## EXERCISE AIM
Give back each entry word for word, but drop the images.

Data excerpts
Start of Block
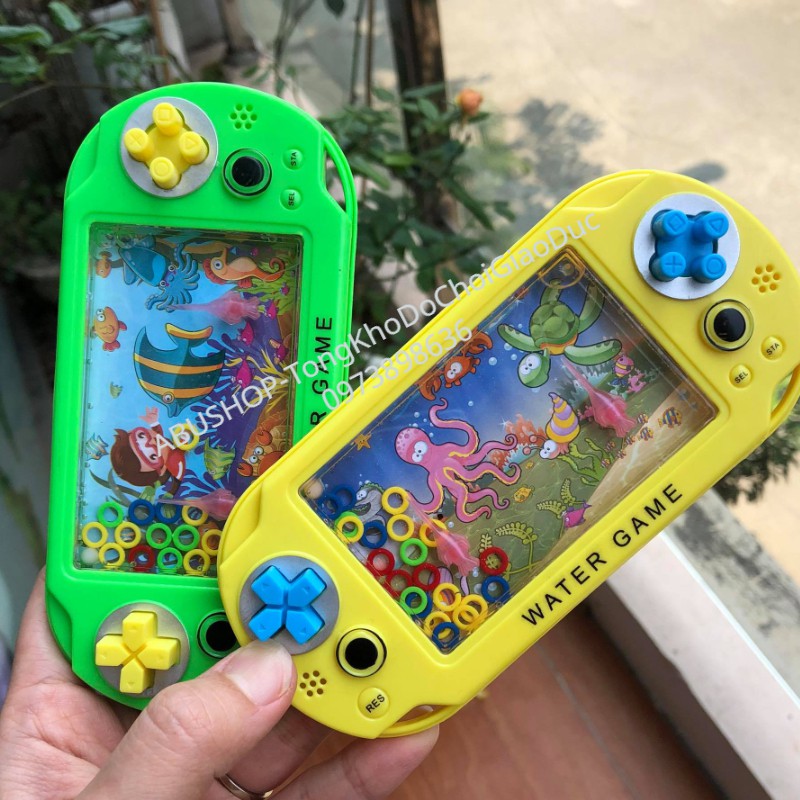 Máy chơi game BẮN VÒNG NƯỚC đồ chơi rèn luyện kỹ năng cho bé
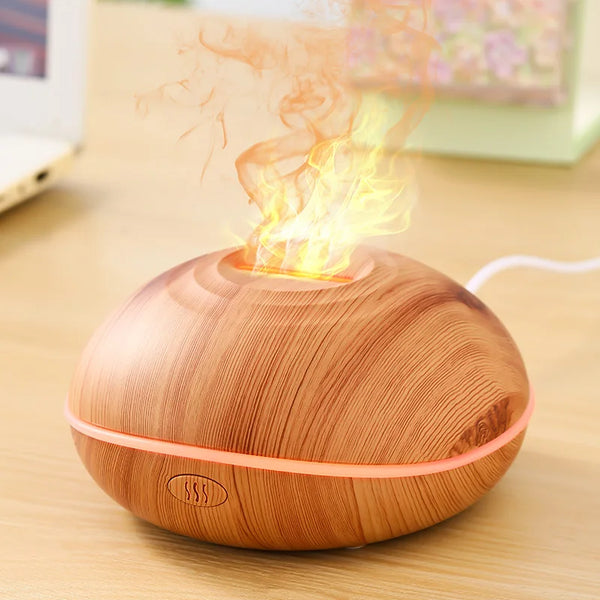 Relaxing Aroma Flame Humidifier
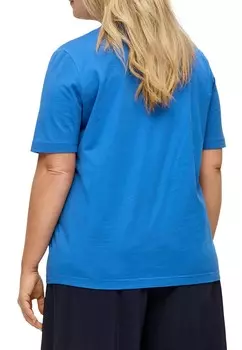 Футболка с принтом Triangle, синий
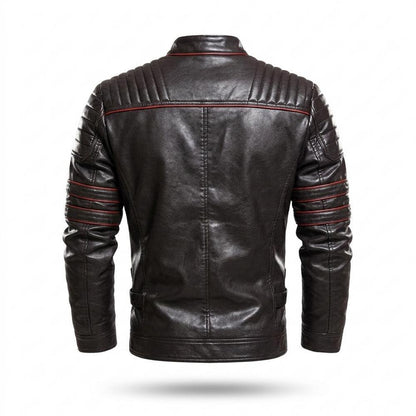 Allsaints Leather - Lolil | Quilted Fitted Leather Jacket Men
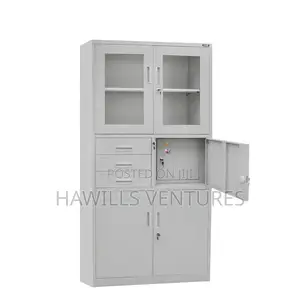 Halh Glass Cabinet With Safe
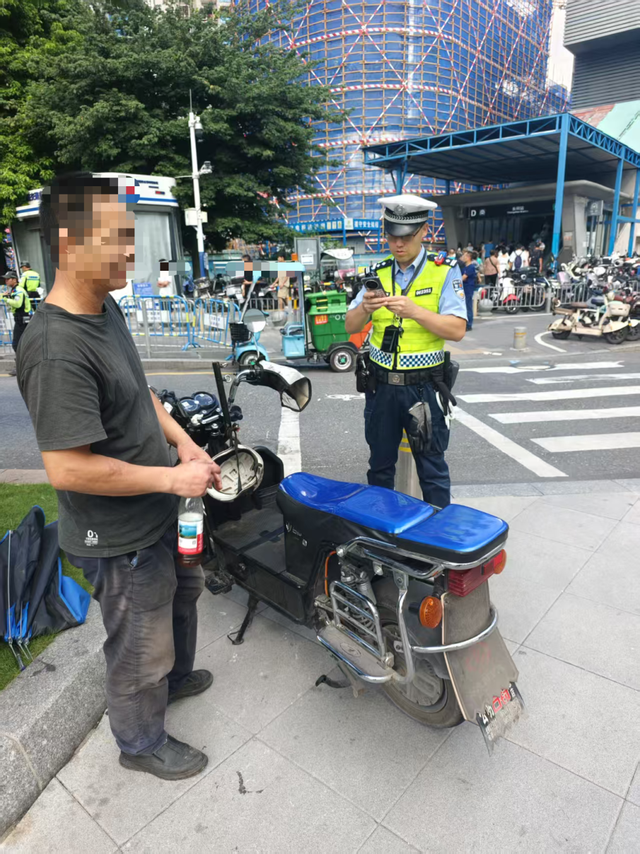 深圳全市严查带篷电动车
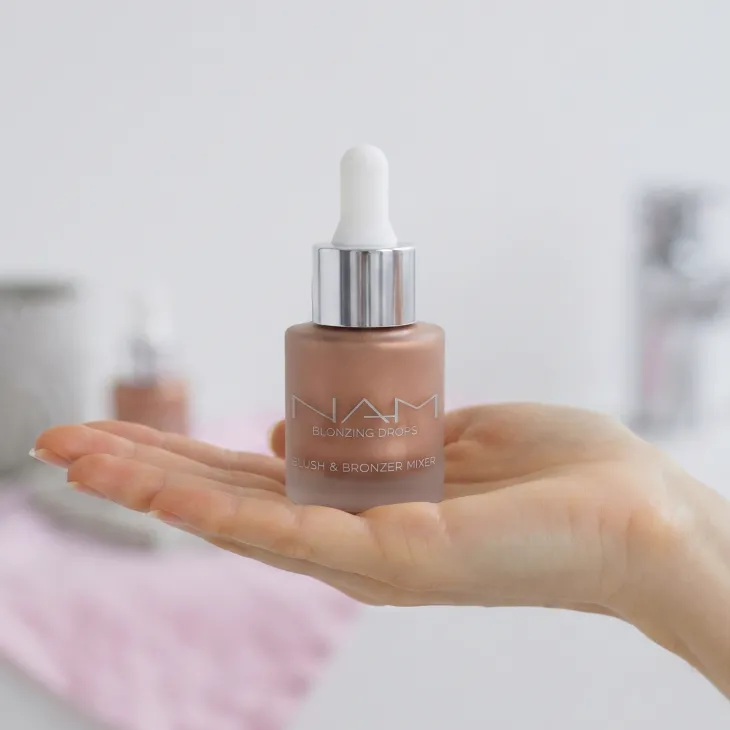 NAM Blonzing Drops rozświetlający bronzer-róż w płynie 01 15 ml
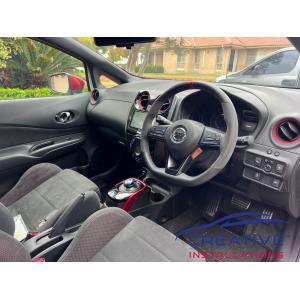 Nissan Note car stereo upgrade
End of Block
## RESULT FOR THIS TASK
 Máy chơi game BẮN VÒNG NƯỚC đồ chơi rèn luyện kỹ năng cho bé
 Relaxing Aroma Flame Humidifier
 Футболка с принтом Triangle, синий
 Allsaints Leather - Lolil | Quilted Fitted Leather Jacket Men
 Halh Glass Cabinet With Safe
 深圳全市严查带篷电动车
 NAM Blonzing Drops rozświetlający bronzer-róż w płynie 01 15 ml
 Nissan Note car stereo upgrade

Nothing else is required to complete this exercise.